Provost Valerio Ferme briefly touched on the university’s new budget model – which is expected to go into effect next year – during a meeting of UC’s Faculty Senate in August.
“Many faculty have asked me about the new budget model,” Ferme said, adding some of those questions have revolved around potential solutions to budget issues faculty have been complaining about for years.
“It’s not going to be a panacea,” Ferme said. “It’s not going to solve everything.”
The university’s current budget model is a hybrid that relies on performance-based budgeting (PBB) to doll out resources to colleges, according to budget documents.
The model was implemented in 2010 in response to the university being in dire financial straits. At one point in 2006, negative accounts totaled more than $240 million and the university was just months away from being unable to meet payroll.
Though it provided an effective solution short-term, the university held onto PBB long after its financial woes dwindled.
PBB is complicated, but it essentially works like this: colleges are promised a larger budget if they exceed revenue targets, which are increased annually to prioritize enrollment growth.
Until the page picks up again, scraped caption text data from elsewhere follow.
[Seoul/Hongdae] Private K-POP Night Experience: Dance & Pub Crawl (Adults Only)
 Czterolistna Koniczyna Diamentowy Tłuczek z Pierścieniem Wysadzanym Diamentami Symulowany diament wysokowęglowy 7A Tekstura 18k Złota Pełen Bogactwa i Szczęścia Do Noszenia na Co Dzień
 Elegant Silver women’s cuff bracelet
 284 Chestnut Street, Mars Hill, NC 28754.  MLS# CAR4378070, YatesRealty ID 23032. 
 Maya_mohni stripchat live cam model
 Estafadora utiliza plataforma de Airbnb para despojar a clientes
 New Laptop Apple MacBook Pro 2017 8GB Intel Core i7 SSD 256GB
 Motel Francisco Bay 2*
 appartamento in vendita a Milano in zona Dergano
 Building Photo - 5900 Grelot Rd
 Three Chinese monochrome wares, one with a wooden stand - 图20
Each college is expected to meet its revenue target and repay shortfalls through tuition growth or “cost-saving measures.” Failing to meet targets can result in permanent budget cuts and some have complained that under this model, colleges can face slashed budgets even if revenues exceed expenses.
PBB has been blamed for millions of dollars in rolling debt as well as the departure of four deans in less than a decade at the College of Arts and Sciences (A&S), the university’s largest college by enrollment, in recent years.
Former A&S Dean Kenneth Petren stepped down in 2019 citing his inability to balance the college’s budget, according to previous reporting from The News Record.
Before being tapped to serve as provost in June, Ferme presided over A&S and its budget woes as dean. In his offer letter, obtained by The News Record through a public records request, the university outlined measures it would take to ease the level of financial strain Ferme would have to contend with in his new role.
Specifically, the university said it would fund the college’s fiscal year 2019 revenue shortfall of $2 million over a five-year period and bridge a remaining revenue shortfall estimated at $700,000 “until resolved through growth,” according to the letter.
But the impact of the current budget model has affected more colleges than A&S.
Since the university adopted PBB in 2010, college revenue retention has decreased from nearly 51% to 43% in 2017, according to the UC Chapter of the American Association of University Professors (AAUP).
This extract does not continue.